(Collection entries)

--

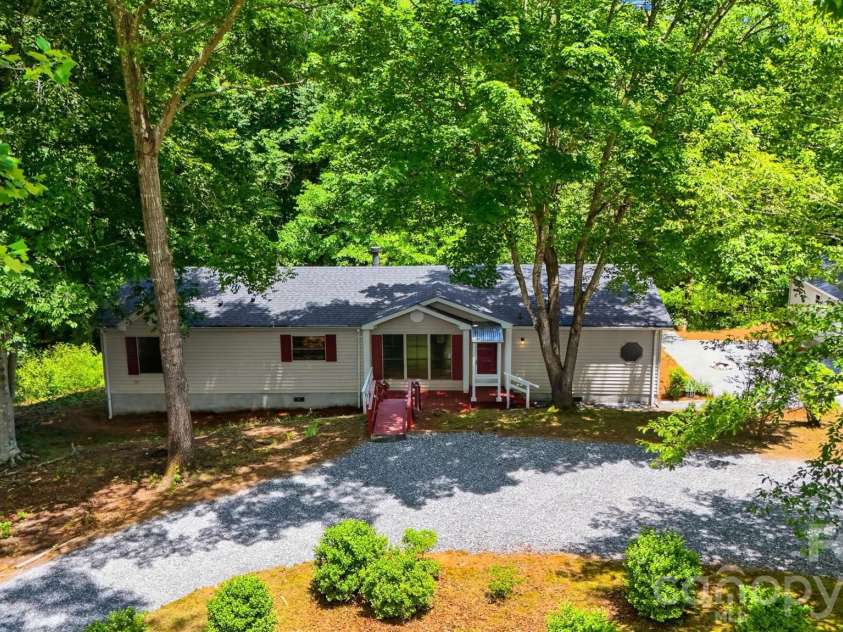 4944 Largo Court, Conover, NC 28613.  MLS# CAR4403514, YatesRealty ID 31932. 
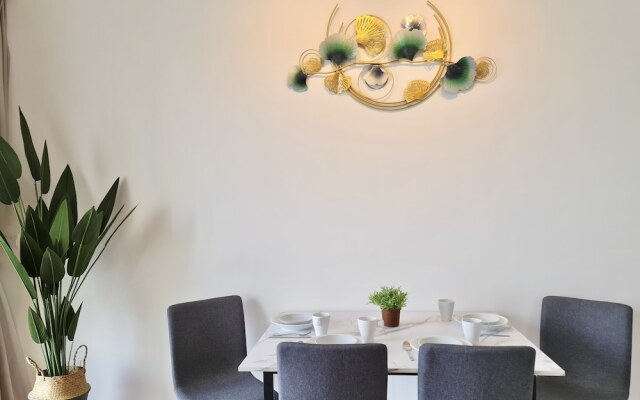 UNA Serviced Apartment by MOKA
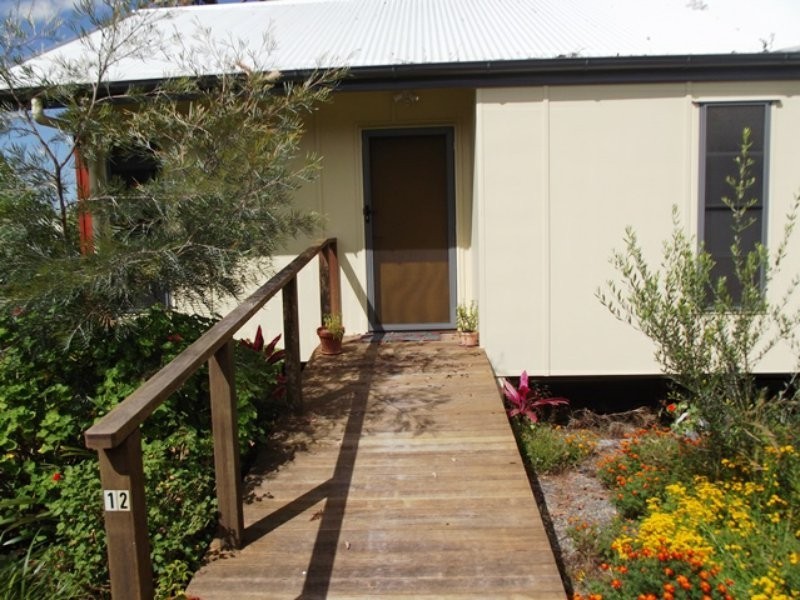 12 Percival Street, Macleay Island QLD 4184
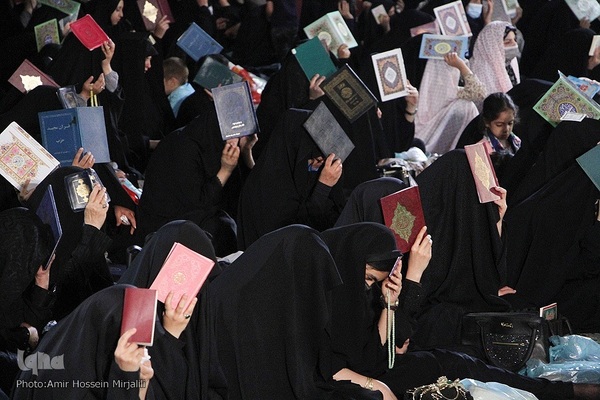 قرار بندگی؛ احیای شب ۲۱ رمضان در امامزاده جعفر (ع) یزد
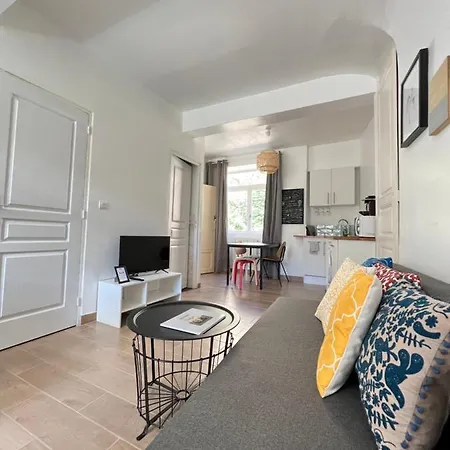 Tabi ,modern Chic Vs Free Parking,wifi,draps Apartment Thiers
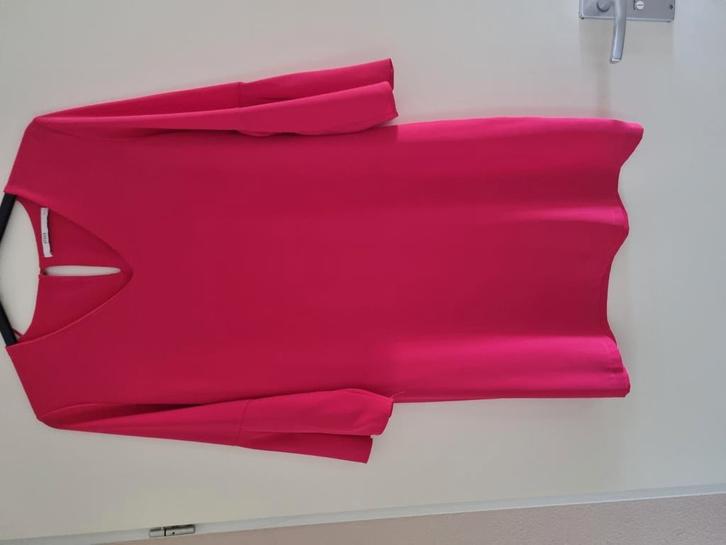 Travelstof roze Steps jurk, 44, Kleding | Dames, Tops, Zo goed als nieuw, Maat 42/44 (L), Roze, Korte mouw, Ophalen of Verzenden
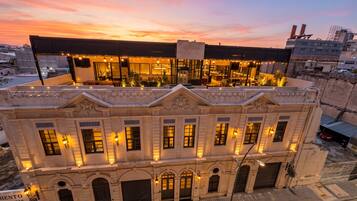 Un hôtel doté d’un bar sur le toit, de nombreux balcons et d’une architecture classique.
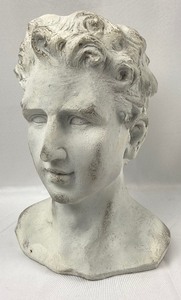 lot 16 image: Fun Plaster Head Planter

--

The expected output is every entry, retyped exactly, with all pictures removed.

**Solved problem:**
 4944 Largo Court, Conover, NC 28613.  MLS# CAR4403514, YatesRealty ID 31932. 
 UNA Serviced Apartment by MOKA
 12 Percival Street, Macleay Island QLD 4184
 قرار بندگی؛ احیای شب ۲۱ رمضان در امامزاده جعفر (ع) یزد
 Tabi ,modern Chic Vs Free Parking,wifi,draps Apartment Thiers
 Travelstof roze Steps jurk, 44, Kleding | Dames, Tops, Zo goed als nieuw, Maat 42/44 (L), Roze, Korte mouw, Ophalen of Verzenden
 Un hôtel doté d’un bar sur le toit, de nombreux balcons et d’une architecture classique.
 lot 16 image: Fun Plaster Head Planter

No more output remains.